Jalisco es la entidad líder en producción lechera a nivel nacional, con casi 2 mil 300 millones de litros al año; de éstos, tan sólo los productores de los establos de la región alteña del estado producen más del 60 por ciento.

De 2013 a 2017 el crecimiento anual de la producción lechera en los Altos Sur fue de 21.84 por ciento, pasando de poco más de una obtención de 600 mil litros, a rozar la cifra de los 750 mil litros por año.

¿Qué tienen los Altos de Jalisco para que sus productores lecheros sean líderes a nivel nacional? Esa fue la pregunta que hizo Marco Antonio Berger García, jefe del Departamento de Estudios Organizacionales del Centro Universitario de los Altos (CUAltos) y coordinador del Centro de Investigación e Innovación para las Organizaciones (CIIO), a lecheros alteños y funcionarios públicos en un taller para la mejora de las políticas públicas de apoyo al sector.

A decir de los investigadores del CIIO y de los departamentos de Ciencias Sociales y del de Ingenierías del CUAltos, era vital que productores, gobierno y el propio centro universitario se enfocaran en encontrar las principales problemáticas de este sector y atacarlas, a fin de hacerlo aún más rentable y amigable con el entorno económico, social y ambiental, motivo que originó el taller “Diagnóstico del problema público del Programa Apoyo y Servicios a la Ganadería y al Sector Lechero”.

“Lo que pretendemos es mejorar las políticas públicas y los programas enfocados a este sector en el estado, de tal suerte que alcance niveles mayores en cuanto a su desempeño económico, rendimientos y productividad, su manejo ambiental y también en cuanto a los entornos sociales que giran alrededor del sector, como lo son la marginación y la pobreza, en algunos casos”.

Pues tras el estudio, los investigadores encontraron que dadas las pocas oportunidades de crecimiento que da este nicho productivo a los pequeños y medianos productores, los jóvenes de familias tradicionalmente lecheras optan por abandonar el campo y migrar a otros lugares, desencadenando con ello otra serie de inconvenientes.

“Tenemos una serie de problemas en términos de migración, muchos jóvenes están abandonando el sector lechero para irse a buscar oportunidades en Estados Unidos. Eso está generando que la cadena de valor lechera se fragmente, lo que trae problemas en cuanto a la comercialización de sus productos, la estandarización, problemas de sanidad y problemas en la calidad de vida de los productores”, indicó el académico.

Esta propuesta de intervención para mejorar el panorama lechero se busca sea tomada en cuenta por el gobierno de Jalisco y puesta en marcha en próximos días.

En los trabajos de identificación de problemas participan actores del gobierno a través de la Secretaría de Desarrollo Rural.

El CUAltos, a través del CIIO, albergó y fue sede de los talleres de consolidación y diagnóstico, gracias a la participación de varios investigadores que se dedican al estudio del subsector, y a que posee tres carreras enfocadas al tema: Veterinaria, Sistemas Pecuarios y Agroindustrias; además de que es un referente para los productores de los municipios de los Altos.

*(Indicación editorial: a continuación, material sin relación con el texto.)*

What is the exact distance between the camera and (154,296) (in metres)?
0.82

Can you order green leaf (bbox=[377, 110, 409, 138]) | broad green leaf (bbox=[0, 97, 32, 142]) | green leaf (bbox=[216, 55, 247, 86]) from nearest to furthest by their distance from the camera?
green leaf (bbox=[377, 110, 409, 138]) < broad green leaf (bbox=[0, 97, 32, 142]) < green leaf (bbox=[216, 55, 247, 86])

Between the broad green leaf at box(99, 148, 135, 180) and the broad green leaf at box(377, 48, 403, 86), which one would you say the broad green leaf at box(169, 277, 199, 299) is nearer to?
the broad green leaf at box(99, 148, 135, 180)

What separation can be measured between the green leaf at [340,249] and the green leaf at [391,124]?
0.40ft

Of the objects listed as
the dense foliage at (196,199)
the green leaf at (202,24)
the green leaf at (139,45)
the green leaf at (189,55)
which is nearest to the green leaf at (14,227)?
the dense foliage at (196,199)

Las propuestas resultantes de estos talleres tienen más probabilidad de ver la luz, debido a factores como el cambio de gobierno, los precios que se pagan a productores lecheros —que casi no se han movido— y el aumento en las importaciones de leche en polvo —que se duplicó pasando de 2 mil 400 millones de litros en 2013 a 4 mil 119 millones de litros en 2018.

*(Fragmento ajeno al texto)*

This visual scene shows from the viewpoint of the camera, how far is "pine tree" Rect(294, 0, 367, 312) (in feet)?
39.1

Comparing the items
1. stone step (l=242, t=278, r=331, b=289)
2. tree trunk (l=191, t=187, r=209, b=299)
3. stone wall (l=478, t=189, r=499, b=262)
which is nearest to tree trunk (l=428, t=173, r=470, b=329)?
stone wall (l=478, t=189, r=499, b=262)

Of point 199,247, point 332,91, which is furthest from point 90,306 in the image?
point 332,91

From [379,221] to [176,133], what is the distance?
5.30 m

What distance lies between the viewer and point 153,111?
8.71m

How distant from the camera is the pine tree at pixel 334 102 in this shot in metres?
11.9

Otro de los propósitos de esta relación tripartita es ganarle la batalla al etiquetado de los productos que se ostentan como leche, pero no son de origen animal sino vegetal, o son reconstrucciones a partir de fórmulas lácteas.

“La producción de leche o el etiquetado de leche tiene que ser únicamente para aquellos productos de origen animal, de la vaca, y sabemos que en los mercados existe una vasta serie de productos análogos que dicen ser de leche, pero no provienen de la vaca, no son malos, pero tiene que haber una diferenciación; eso tiene que dar un giro hacia productores y consumidores que tenemos que cambiar nuestra cultura de consumo”.